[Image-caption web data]
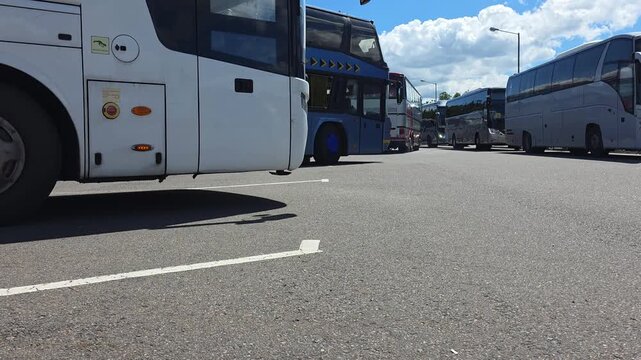 Multiple coaches and buses parked in rows on asphalt surface under blue sky with scattered clouds, showcasing transportation vehicles in large parking area on sunny day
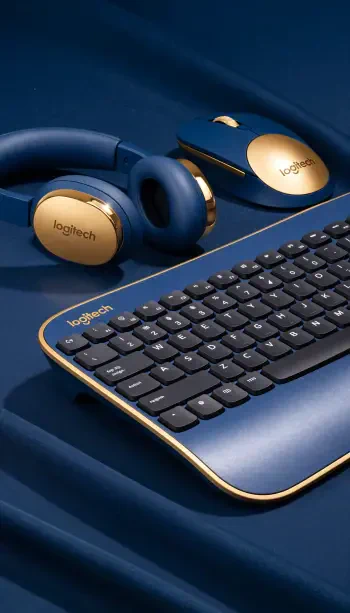 iPhone wallpaper showing navy-and-gold Logitech keyboard, wireless mouse, and over-ear headphones arranged on blue silk.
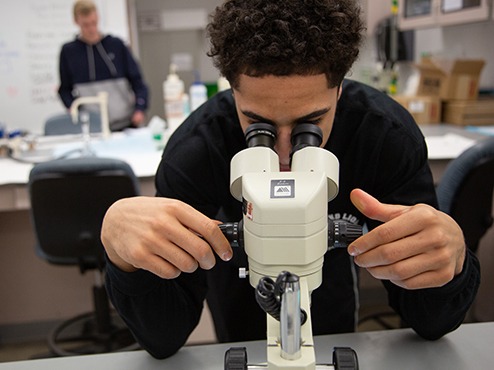 A male student looking into a microscope in class.
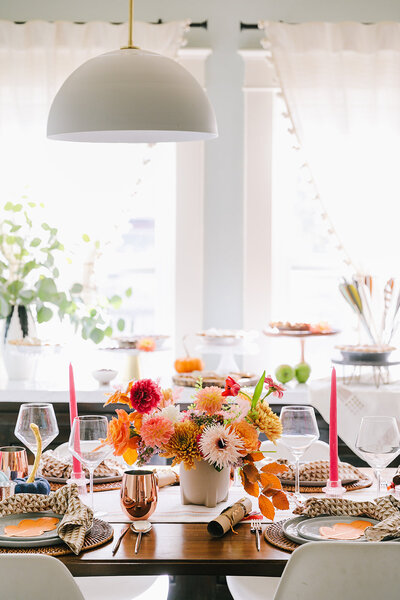 Fall-inspired table setting with red, white, and yellow flower bouquet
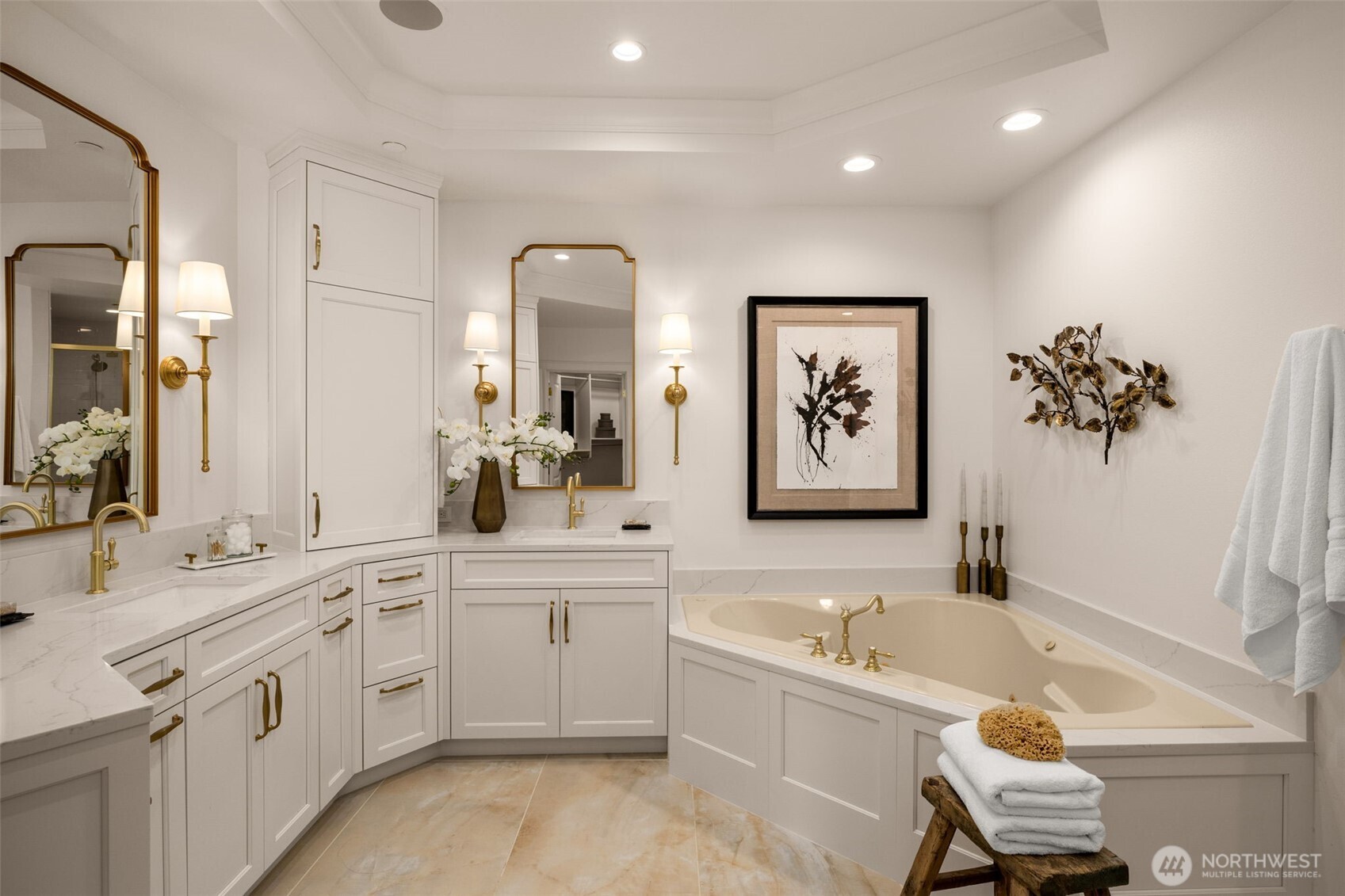 Luxurious primary bath with jet tub, custom cabinetry and large shower.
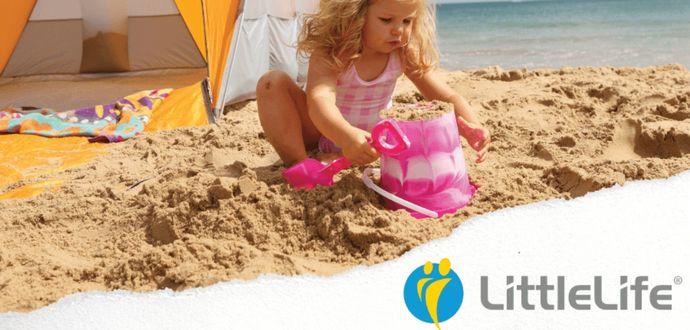 Little girl at the beach filling a bucket up with sand with an orange tent behind her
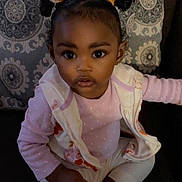Stormi joined the competition — help win amazing prizes! toddler, child, girl, indoor, couch, pillow, pattern, pink_clothing, vest, sitting, cute, portrait, young_child, hair_buns, expression, face, person, home, cozy, curious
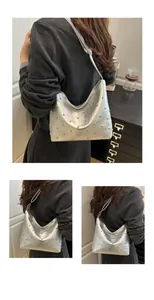 Close-up of silver metallic hobo bag featuring polished rivet studs and Y2K aesthetic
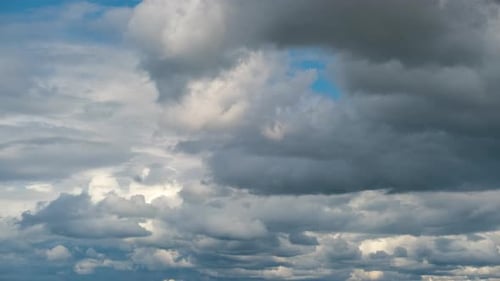 Zeitrafferaufnahmen von sich schnell bewegenden weißen, geschwollenen Cumulus-Wolken am blauen, klaren Himmel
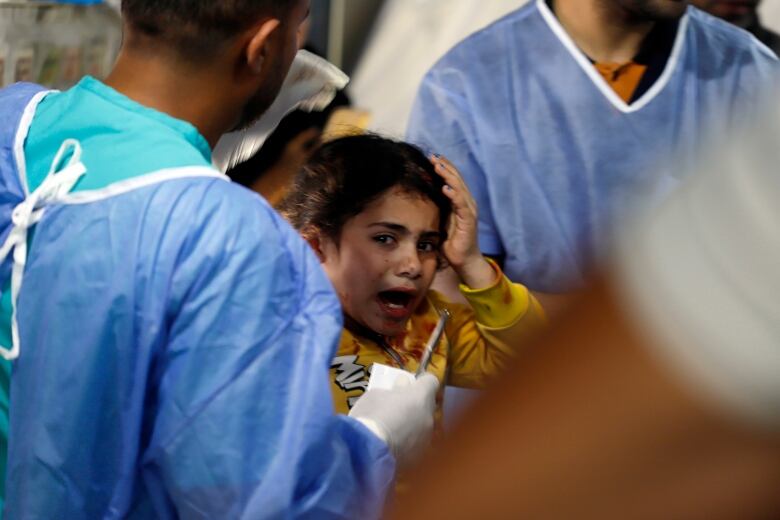 A young Palestinian girl with blood on her clothes cries and holds her head as two people in medical gowns work on treating her wounds.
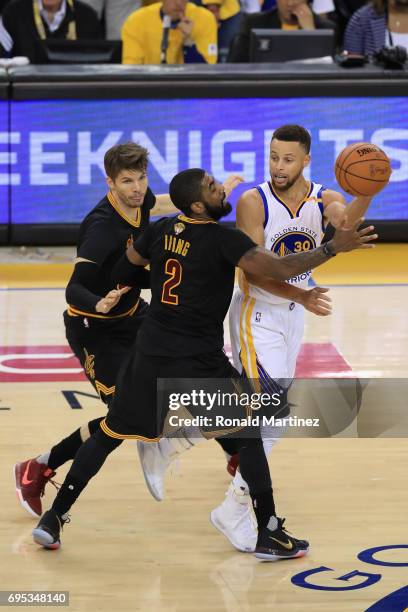 Stephen Curry of the Golden State Warriors looks to pass the ball against Kyrie Irving and Kyle Korver of the Cleveland Cavaliers in Game 5 of the...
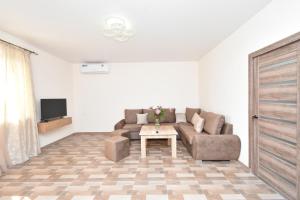 a living room with a couch and a table at Riposo Hotel Armenia in Pʼarakʼar
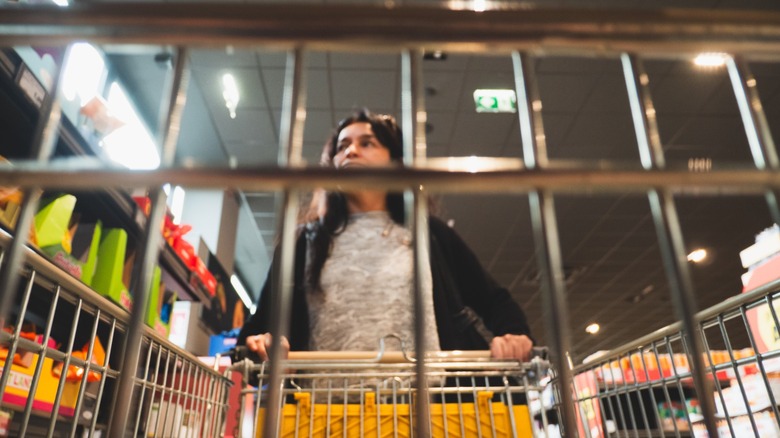 woman pushes shopping cart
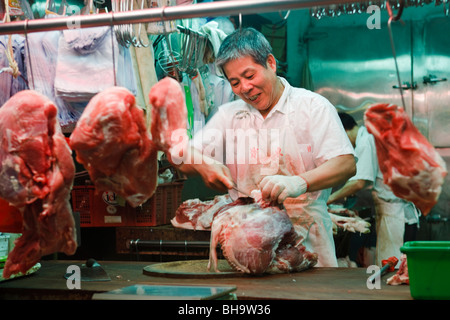 A butcher on Causeway Bay's Bowrington Road's street market prepares cuts of meat in the early morning in Hong Kong. Stock Photo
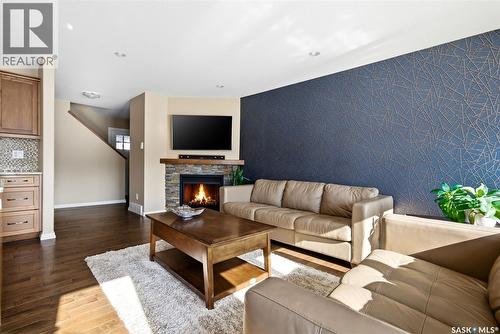 5221 Watson Way, Regina, SK - Indoor Photo Showing Living Room With Fireplace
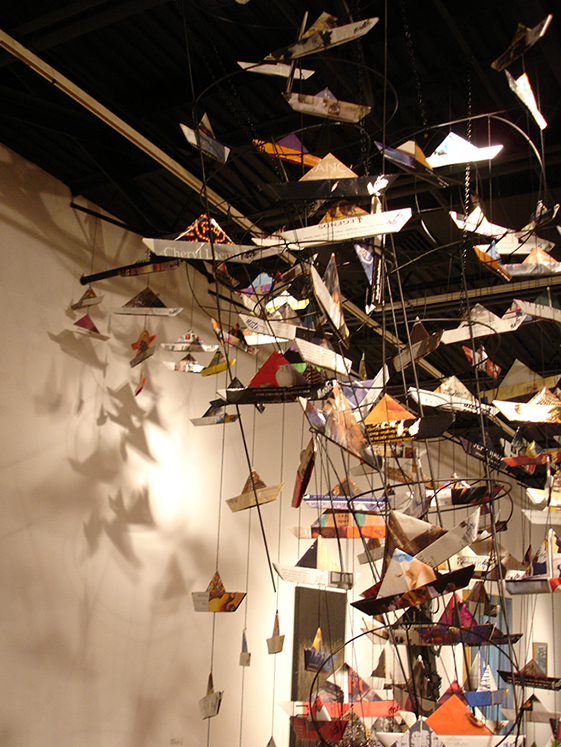Shadows on the wall and movement of some of the boats give an extension and liveliness to the Maelstrom Installation at the Howard County Center for the Arts in December of 2014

## Required work
Set down the entries above exactly, and keep every picture out of your copy.

## Your response
 Multiple coaches and buses parked in rows on asphalt surface under blue sky with scattered clouds, showcasing transportation vehicles in large parking area on sunny day
 iPhone wallpaper showing navy-and-gold Logitech keyboard, wireless mouse, and over-ear headphones arranged on blue silk.
 A male student looking into a microscope in class.
 Fall-inspired table setting with red, white, and yellow flower bouquet
 Luxurious primary bath with jet tub, custom cabinetry and large shower.
 Little girl at the beach filling a bucket up with sand with an orange tent behind her
Stormi joined the competition — help win amazing prizes! toddler, child, girl, indoor, couch, pillow, pattern, pink_clothing, vest, sitting, cute, portrait, young_child, hair_buns, expression, face, person, home, cozy, curious
 Close-up of silver metallic hobo bag featuring polished rivet studs and Y2K aesthetic
 Zeitrafferaufnahmen von sich schnell bewegenden weißen, geschwollenen Cumulus-Wolken am blauen, klaren Himmel
 A young Palestinian girl with blood on her clothes cries and holds her head as two people in medical gowns work on treating her wounds.
 Stephen Curry of the Golden State Warriors looks to pass the ball against Kyrie Irving and Kyle Korver of the Cleveland Cavaliers in Game 5 of the...
 a living room with a couch and a table at Riposo Hotel Armenia in Pʼarakʼar
 woman pushes shopping cart
 A butcher on Causeway Bay's Bowrington Road's street market prepares cuts of meat in the early morning in Hong Kong. Stock Photo
 5221 Watson Way, Regina, SK - Indoor Photo Showing Living Room With Fireplace
Shadows on the wall and movement of some of the boats give an extension and liveliness to the Maelstrom Installation at the Howard County Center for the Arts in December of 2014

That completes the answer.